__Your task__. Go through the listing below and write out exactly the lines from the one that mentions "SPF 50+ 30ml" through the one that mentions "Свечные провода Seiwa", minus the pictures.

__Record excerpts__.
*** Begin section ***
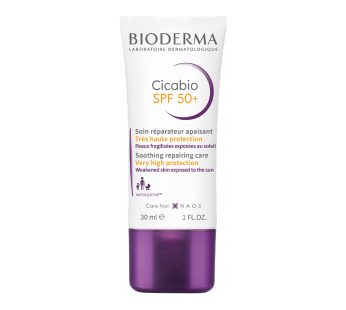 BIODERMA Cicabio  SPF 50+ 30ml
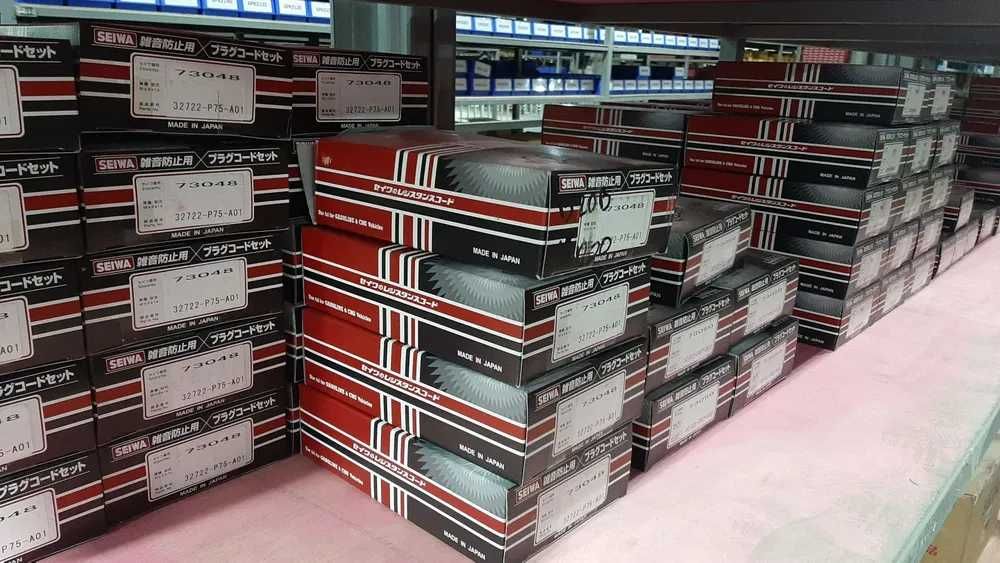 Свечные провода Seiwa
*** End section ***
*** Begin section ***
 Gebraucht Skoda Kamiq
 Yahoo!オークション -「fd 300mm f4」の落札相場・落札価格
*** End section ***
__Answer to the problem__.
 BIODERMA Cicabio  SPF 50+ 30ml
 Свечные провода Seiwa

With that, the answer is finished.